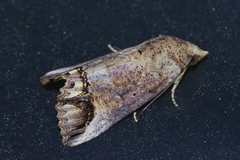 Hypocala biarcuata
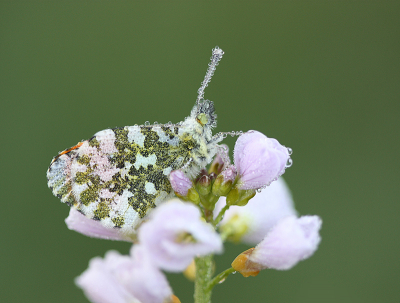 <i class='fa fa-user'></i>&nbsp;Paul Vandebroek&nbsp;|  Oranjetipje&nbsp; <i class='fa fa-eye'>&nbsp;74</i> &nbsp;<i class='fa fa-thumbs-up'>&nbsp;4</i> &nbsp; <i class='fa fa-comment-o'>&nbsp;4</i>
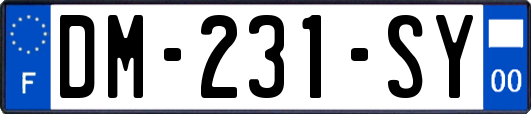 DM-231-SY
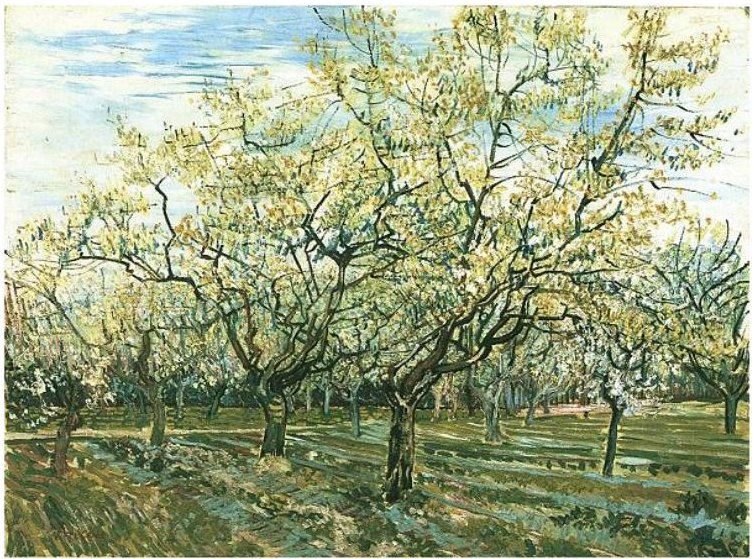 Boomgaard met bloeiende pruimenbomen door Vincent van Gogh
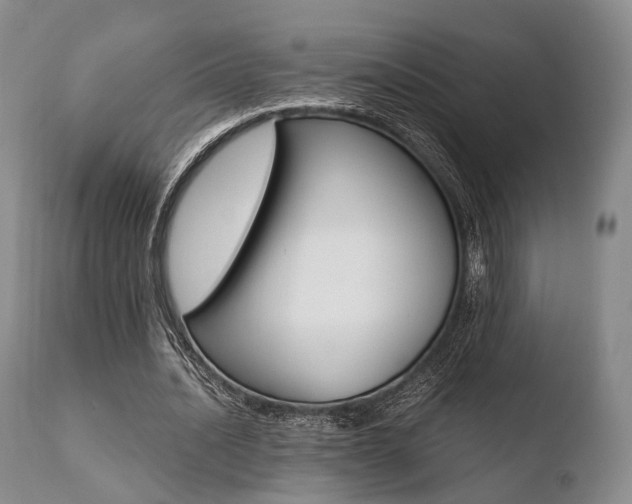 X0000110730628200906121311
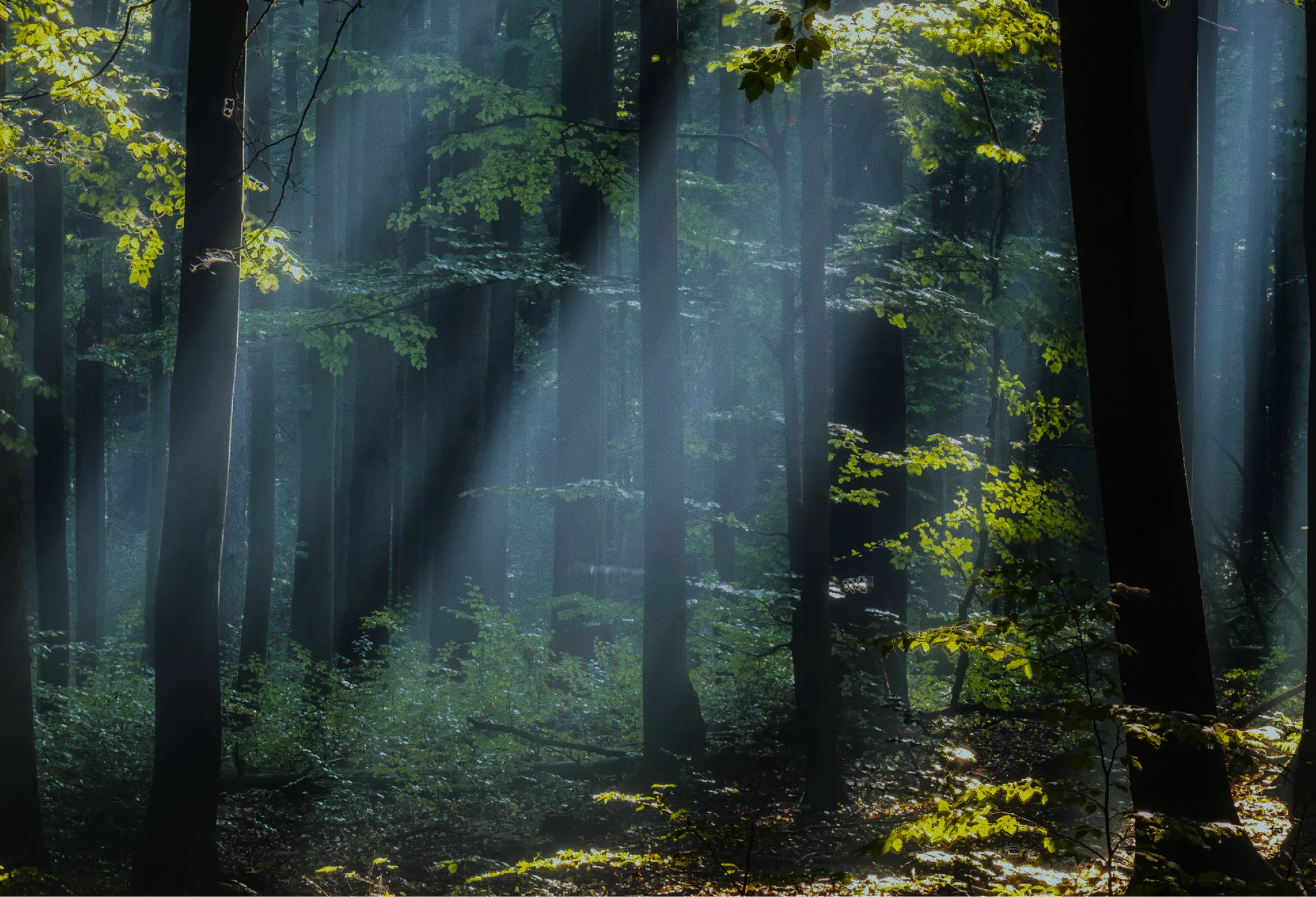 下川フォレストファミリー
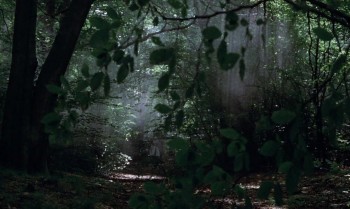 Monty Python and the Holy Grail screenshot 1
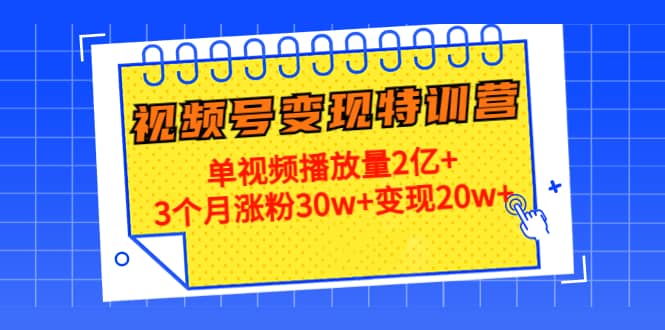 20天视频号变现特训营：单视频播放量2亿+-讯领网创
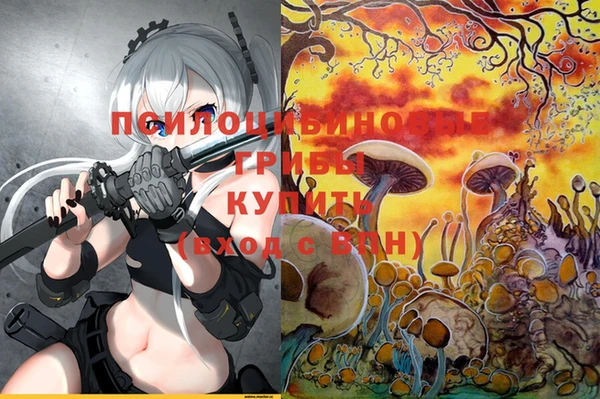 ешки Арсеньев
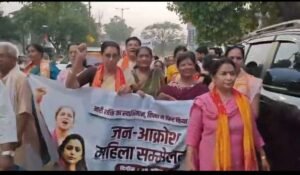 लखनऊ28अप्रैल26*नारी शक्ति वंदन अधिनियम पर भाजपा महिला कार्यकर्ताओं का प्रदर्शन*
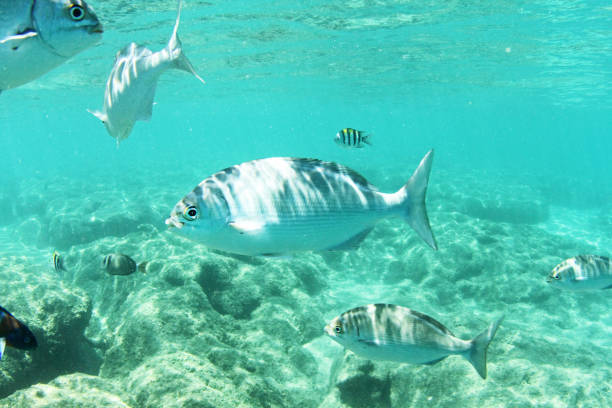 istock Reef fish in Hawaii Nenue 1305014831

[What to produce]
One exact copy of the data is required, and it should hold no pictures.

[Written solution]
 Hypocala biarcuata
 <i class='fa fa-user'></i>&nbsp;Paul Vandebroek&nbsp;|  Oranjetipje&nbsp; <i class='fa fa-eye'>&nbsp;74</i> &nbsp;<i class='fa fa-thumbs-up'>&nbsp;4</i> &nbsp; <i class='fa fa-comment-o'>&nbsp;4</i>
 DM-231-SY
 Boomgaard met bloeiende pruimenbomen door Vincent van Gogh
 X0000110730628200906121311
 下川フォレストファミリー
 Monty Python and the Holy Grail screenshot 1
 20天视频号变现特训营：单视频播放量2亿+-讯领网创
 ешки Арсеньев
 लखनऊ28अप्रैल26*नारी शक्ति वंदन अधिनियम पर भाजपा महिला कार्यकर्ताओं का प्रदर्शन*
 istock Reef fish in Hawaii Nenue 1305014831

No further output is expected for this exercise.